The raw fastq files for both samples (DOX/NO DOX) were pseudoaligned to the Ensembl GRCh38 cdna reference transcriptome using the kallisto bus command (version 0.46.1) and the transcript compatibility counts (TCCs) were generated with bustools (version 0.40.0)76, filtering out reads that were multi-mapping across genes. Gene counts were also generated by aggregating TCCs to genes using bustools with the --genecounts flag. We subsequently filtered out 1) low quality cells based on their total UMI counts (60,848 cells kept) and 2) rare TCCs that were either detected in less than 1% of the cells or had a mean expression of less than 0.01 (61,006 equivalence classes kept). Doublets were removed based on the gene count data using Scrublet77 with the default parameters.

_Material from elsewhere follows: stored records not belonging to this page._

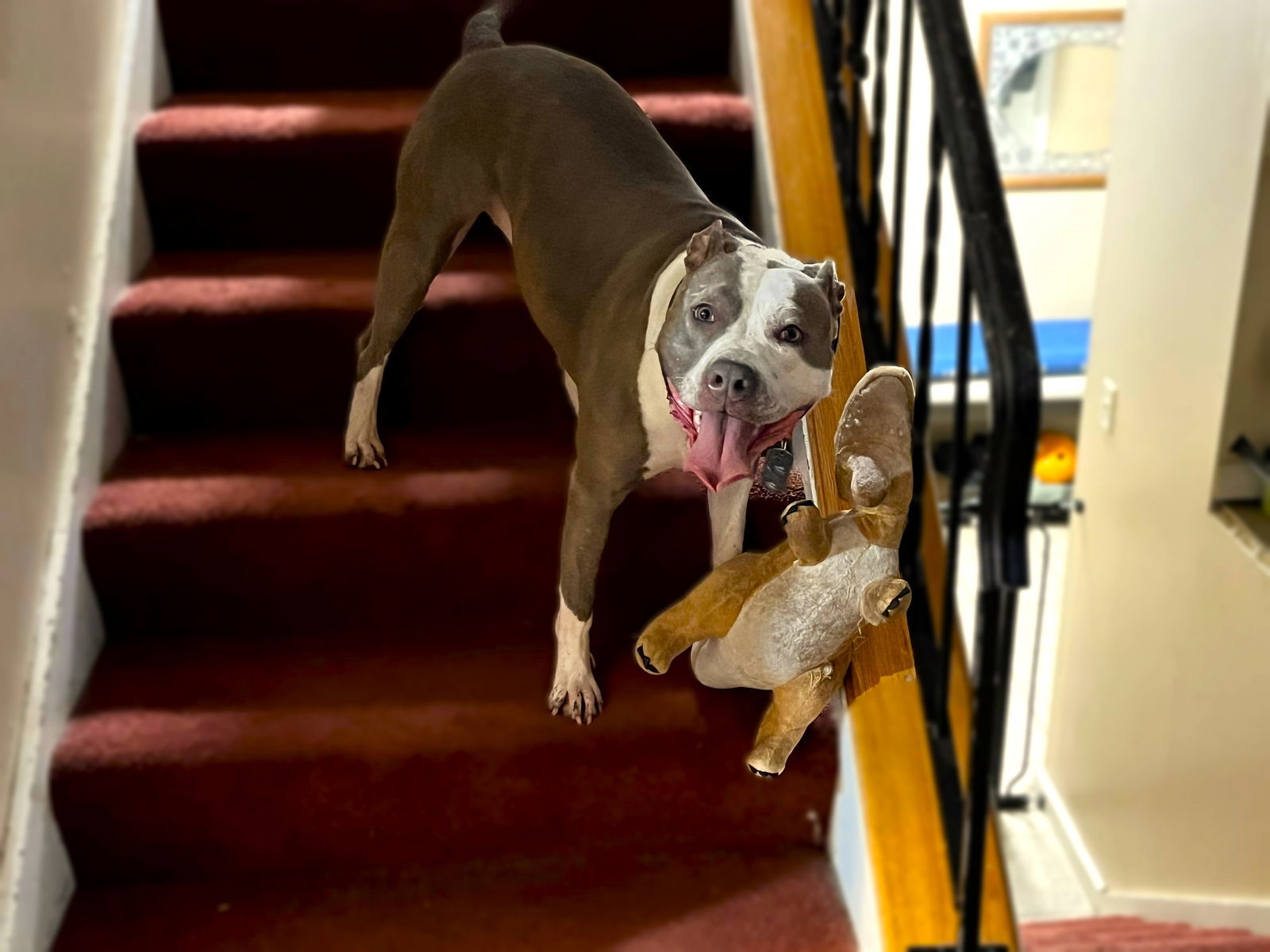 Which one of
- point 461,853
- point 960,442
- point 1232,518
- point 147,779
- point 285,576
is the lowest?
point 1232,518

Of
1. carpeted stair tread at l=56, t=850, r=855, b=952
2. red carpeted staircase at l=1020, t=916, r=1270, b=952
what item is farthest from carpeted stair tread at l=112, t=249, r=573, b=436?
red carpeted staircase at l=1020, t=916, r=1270, b=952

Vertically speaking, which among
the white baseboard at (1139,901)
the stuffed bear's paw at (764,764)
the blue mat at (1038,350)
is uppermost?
the stuffed bear's paw at (764,764)

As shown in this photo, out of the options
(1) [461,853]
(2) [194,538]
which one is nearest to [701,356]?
(2) [194,538]

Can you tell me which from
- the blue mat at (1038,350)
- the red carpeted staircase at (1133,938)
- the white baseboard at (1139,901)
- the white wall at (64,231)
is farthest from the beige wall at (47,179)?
the white baseboard at (1139,901)

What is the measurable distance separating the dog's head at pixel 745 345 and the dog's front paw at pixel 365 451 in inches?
3.6

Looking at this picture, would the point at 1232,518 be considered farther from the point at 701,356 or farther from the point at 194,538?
the point at 701,356

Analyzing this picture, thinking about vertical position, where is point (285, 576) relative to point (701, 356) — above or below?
below

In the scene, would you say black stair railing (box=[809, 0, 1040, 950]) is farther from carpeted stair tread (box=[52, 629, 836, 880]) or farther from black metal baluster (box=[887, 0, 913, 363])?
carpeted stair tread (box=[52, 629, 836, 880])

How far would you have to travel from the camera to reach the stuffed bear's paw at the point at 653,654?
17 cm

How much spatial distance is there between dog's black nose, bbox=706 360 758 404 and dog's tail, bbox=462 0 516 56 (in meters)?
0.10

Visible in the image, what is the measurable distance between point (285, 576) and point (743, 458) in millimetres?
433

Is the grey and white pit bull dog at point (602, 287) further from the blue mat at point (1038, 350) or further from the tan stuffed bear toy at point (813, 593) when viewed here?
the blue mat at point (1038, 350)

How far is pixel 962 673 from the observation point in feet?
3.39

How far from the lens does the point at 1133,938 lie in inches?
109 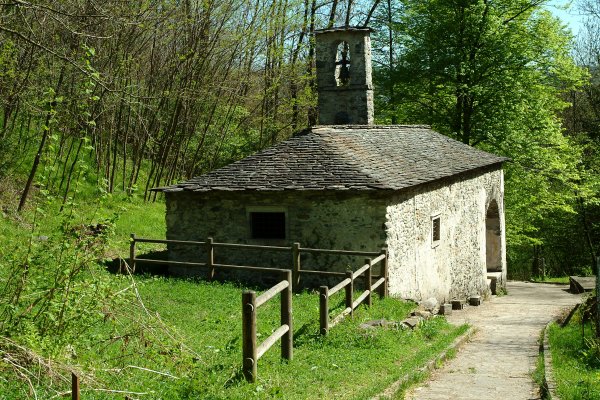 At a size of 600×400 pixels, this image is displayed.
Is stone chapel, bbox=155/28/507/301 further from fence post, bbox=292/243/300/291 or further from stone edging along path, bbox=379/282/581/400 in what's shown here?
stone edging along path, bbox=379/282/581/400

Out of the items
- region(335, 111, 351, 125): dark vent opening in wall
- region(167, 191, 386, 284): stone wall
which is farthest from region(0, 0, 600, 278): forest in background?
region(167, 191, 386, 284): stone wall

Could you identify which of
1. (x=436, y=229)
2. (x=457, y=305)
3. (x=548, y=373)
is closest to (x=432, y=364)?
(x=548, y=373)

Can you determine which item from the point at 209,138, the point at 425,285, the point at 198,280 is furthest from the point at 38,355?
the point at 209,138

We then used scanpy78 for downstream clustering and visualization. Gene counts were log-normalized, highly variable genes were selected with scanpy’s pp.highly_variable_genes function (flavor=’seurat’)79 with the default parameters (2410 genes kept) and both total UMI counts and mitochondrial count percentages were regressed out. UMAP dimensionality reduction80 was performed on the nearest neighbor graph computed with bbknn81 on the PCA-reduced gene expression matrix (50 principal components). Clustering was performed with the Leiden algorithm implemented within scanpy with resolution parameter set to 0.2 and 0.5 to generate coarse and fine-grained resolution cluster labels. Cell types were annotated based on known gene markers and genes identified from a standard differential expression analysis with sc.tl.rank_genes_groups with the default parameters. The resulting gene lists were first filtered based on their p values (<10e-5) and then sorted based on their log-fold change. We then performed a high-dimensional TCC differential expression test between DOX and NO DOX treated beta-cells, including all TCCs mapping to SRSF5 with mean expression above 0.05 in both conditions59. The resulting raw p-value was extremely small (2e-50) which even after Bonferroni correction across all genes would indicate a significant change in the splicing patterns of SRSF5 in DOX-treated eBCs. For reference, testing for gene-level expression changes in SRSF5 between the same groups results in a raw p-value of 0.99.

rMATS analysis

The raw fastq files were adapter-trimmed with cutadapt v1.13 and then mapped to the Ensembl reference genome GRCm38 using STAR v.2.7.3a82. To identify alternative splicing events, we used rMATS v4.0.246 on the indexed bam files with the default parameters and we visualized the resulting splicing events using ggsashimi83.

Statistical analyses

For all pairwise comparisons of gene expression, and hormone secretion in vivo and in vitro, Student’s t-tests were performed to calculate the p values, and error bars represent standard error of the mean (S.E.M.) unless otherwise noted. Calculations for the p values for the mouse and human deep sequencing are described above in the Methods section. For alternative splicing, p values were generated by sleuth or rMATs as per the software parameters. The p value for the Enrichr is computed from the Fisher Exact test which is a proportion test that assumes a binomial distribution and independence for the probability of any gene belonging to any set.

Reporting summary

Further information on research design is available in the Nature Portfolio Reporting Summary linked to this article.